C’est incroyable… Depuis le début des années 90s (il y a 30 ans), les alertes se succèdent pour signaler la médiocrité moyenne des articles et rien ne change. Félicitons une équipe d’auteurs australiens qui ont montré que malgré des mises à jour des instructions aux auteurs, rien ne change.

Spins : 64 % des articles avec des valeurs de p entre 0,05 et 0,1 les ont interprétées de manière erronée comme des tendances statistiques

f1000researchJ’ai aimé un manuscrit déposé fin novembre 2023 sur F1000Research, plateforme que je trouve pas mal. Bon modèle de publication. Ce manuscrit attend d’être évalué par des pairs et en le lisant, j’ai remarqué des points à corriger. Je n’ai pas 2 ou 3 heures pour écrire un avis de lecture ! Cela ne remet pas en cause le fond. Il est agréable à lire et les 54 références permettent d’avoir une collection d’articles montrant la médiocrité de le littérature. Allez voir la figure 1 : pour 580 articles du Journal of Neurophysiology, la plupart des items sont mauvais pour la moitié des articles, donc les articles sont à jeter. Le message rejoint celui d’un article de PLOS que j’ai présenté le 14 novembre.

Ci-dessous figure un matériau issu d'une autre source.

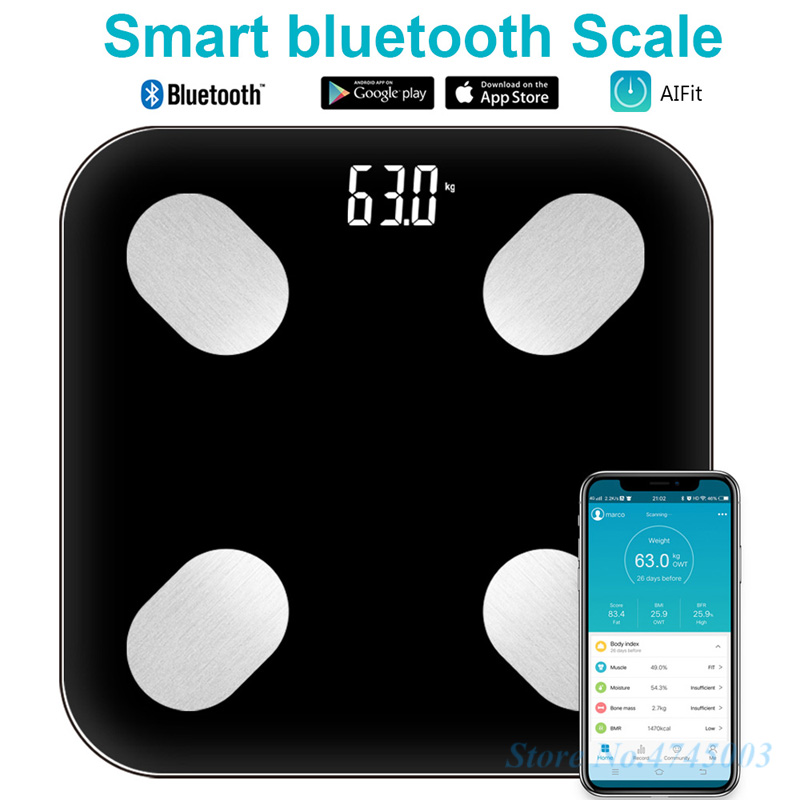 Weight Scale Body Fat Scale Healthy Smart Electronic LED Digital Weights Scales Weighing Machine Bathroom Balance Bluetooth APP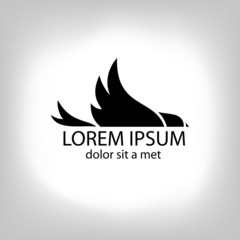stylized silhouette bird with expanded wings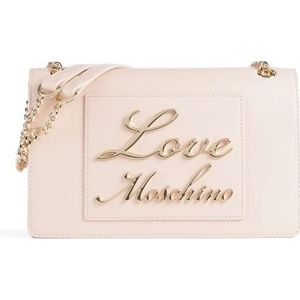 Love Moschino, Tassen, Dames, Roze, ONE Size, Crossbody Tas met Logo en Ketting Schouderband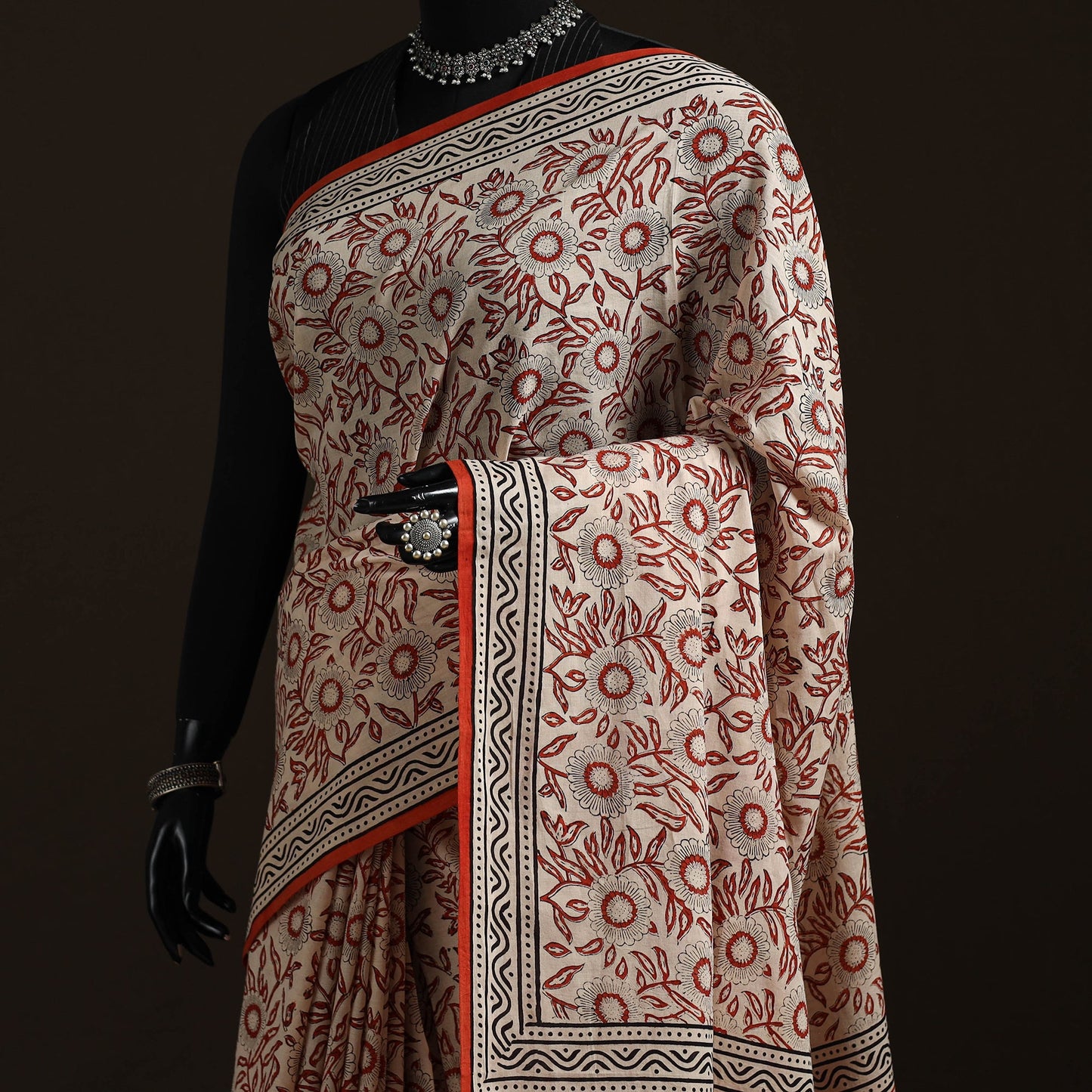Natural dyed hand block print pure mul cotton bagru saree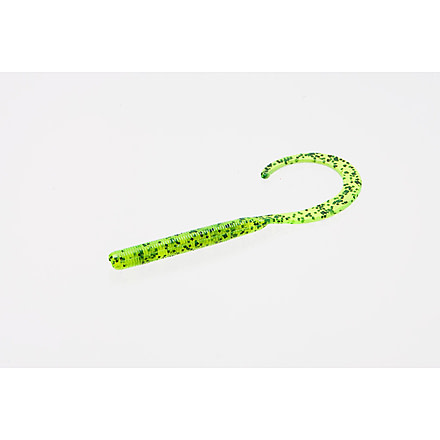 Zoom Curly Tail Finesse Worm, 4in, 20Pk, Chartreuse Pepper, 010009-SP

Les auteurs s’interrogent sur les responsables de ces dérives majeures. Qui sont-ils ? Les relecteurs/réviseurs/reviewers en premier lieu.. Oui mais ils n’ont pas le temps de lire et ils ne connaissent pas bien les stat ! Les rédacteurs des revues… Oui, mais ils veulent faire vivre leur revue et publier en priorité ! Les auteurs et chercheurs… Oui, mais ils doivent faire avancer leur carrière en priorité ! Les causes sont surtout systémiques : les incitations du type Publish or Perish, les modèles économiques des revues et des allocations des ressources pour les chercheurs. C’est la faute à tout le monde… Bien d’accord et tous attendent que le voisin bouge et donne l’exemple…  mais, malgré toutes les déclarations vertueuses, rien ne bouge.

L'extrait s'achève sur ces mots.